Adds a `.trufflehogignore` file that trufflehog auto-discovers at each filesystem scan root, in the spirit of `.gitignore` / `.gitleaksignore`. Users can now commit ignore rules next to their code instead of maintaining a separate `--exclude-paths` regex file out-of-band.

This is the most-upvoted ergonomic ask in the repo (29 reactions on the issue) and brings parity with the `.gitleaksignore` pattern trufflehog users coming from gitleaks already know.

# at repo root: .trufflehogignore
vendor/
*.lock
/secrets/known.json
src/**/*.test.go

→ `trufflehog filesystem --directory .` excludes those paths from scanning automatically. No flag needed.

What's in this PR

File What
`pkg/common/filter.go` New `IgnoreFileName` const, `Filter.AddTrufflehogIgnoreFiles(roots...)` helper, `globToRegex` converter
`pkg/common/filter_test.go` 5 new tests (table-driven for the glob converter + 4 for the discovery+merge layer)
`pkg/sources/filesystem/filesystem.go` One-line `AddTrufflehogIgnoreFiles` call wired into `Init` after `FilterFromFiles`

Implementation notes

  • Auto-discovery scope: I wired this only into the filesystem source for v1. The git source checks the workspace out into a temp dir on each scan, so a file-based ignore discovery doesn't have a stable root there; users on the git source can still point `--exclude-paths` at their `.trufflehogignore` if they want the same patterns.

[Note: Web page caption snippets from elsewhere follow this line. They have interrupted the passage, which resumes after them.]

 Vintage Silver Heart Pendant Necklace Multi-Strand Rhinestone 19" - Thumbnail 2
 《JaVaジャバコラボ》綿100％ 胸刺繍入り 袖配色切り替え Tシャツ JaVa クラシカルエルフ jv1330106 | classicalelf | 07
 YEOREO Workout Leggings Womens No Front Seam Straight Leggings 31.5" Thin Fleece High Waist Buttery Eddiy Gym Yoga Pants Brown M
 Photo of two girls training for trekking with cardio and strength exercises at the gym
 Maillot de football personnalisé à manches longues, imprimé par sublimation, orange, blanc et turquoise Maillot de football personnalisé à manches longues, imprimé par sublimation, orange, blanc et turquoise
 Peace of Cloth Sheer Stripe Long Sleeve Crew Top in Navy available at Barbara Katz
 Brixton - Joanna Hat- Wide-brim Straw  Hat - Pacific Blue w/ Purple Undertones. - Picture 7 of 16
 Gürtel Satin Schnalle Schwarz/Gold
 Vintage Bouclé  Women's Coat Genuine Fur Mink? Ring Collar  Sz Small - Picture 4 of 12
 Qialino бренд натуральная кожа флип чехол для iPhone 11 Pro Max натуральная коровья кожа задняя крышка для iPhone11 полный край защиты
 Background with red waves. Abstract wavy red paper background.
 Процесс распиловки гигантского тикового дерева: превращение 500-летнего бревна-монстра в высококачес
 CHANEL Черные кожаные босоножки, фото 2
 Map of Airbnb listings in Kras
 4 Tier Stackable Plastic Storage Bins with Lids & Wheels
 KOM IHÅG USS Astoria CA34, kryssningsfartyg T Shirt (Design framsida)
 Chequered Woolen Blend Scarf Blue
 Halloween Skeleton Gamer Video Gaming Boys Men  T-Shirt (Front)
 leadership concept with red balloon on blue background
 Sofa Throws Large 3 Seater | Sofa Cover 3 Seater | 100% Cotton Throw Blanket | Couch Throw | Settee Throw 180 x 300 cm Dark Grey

Happy to extend to the git source as a follow-up if you'd prefer (likely by reading the file from the working tree before the temp checkout).
  • Glob syntax: `globToRegex` supports the gitignore subset that 99% of users actually write: `*`, `**`, `?`, leading `/` anchor, trailing `/` directory match. Character classes (`[abc]`) and `!`-prefixed re-includes are explicitly rejected with a clear error message so users who copy-paste a `.gitignore` aren't silently fooled. We can add either later if there's demand.
  • Robustness: A scan root that's a regular file (`trufflehog filesystem --directory ./single-file.txt`) is handled — the helper treats "parent is not a directory" as "no ignore file" rather than erroring out, since the scan-root-is-a-file pattern is already supported by the existing source code.
  • Dedup: Multiple `--paths` entries pointing at the same root won't reload the ignore file or duplicate patterns.

Verification

$ go test ./pkg/common/                    -count=1
ok  	github.com/trufflesecurity/trufflehog/v3/pkg/common	0.057s

$ go test ./pkg/sources/filesystem/         -count=1
ok  	github.com/trufflesecurity/trufflehog/v3/pkg/sources/filesystem	0.547s

$ go build ./...
(clean)

Test coverage (new)

  • `TestAddTrufflehogIgnoreFiles` — full ignore file with 4 pattern shapes; asserts 10 path/exclusion pairs covering anchored, unanchored, multi-segment, and `**` semantics.
  • `TestAddTrufflehogIgnoreFiles_NoFile` — missing file is a no-op (no error).
  • `TestAddTrufflehogIgnoreFiles_DedupeRoots` — same root passed 3 times loads the file once.
  • `TestAddTrufflehogIgnoreFiles_RejectsNegation` — `!keep_me.go` surfaces a clear "re-include patterns not yet supported" error.
  • `TestGlobToRegex` — table-driven across `.lock`, `vendor/`, `/secrets/key.txt`, `src/**/.go` (including zero-depth match), `foo?bar`.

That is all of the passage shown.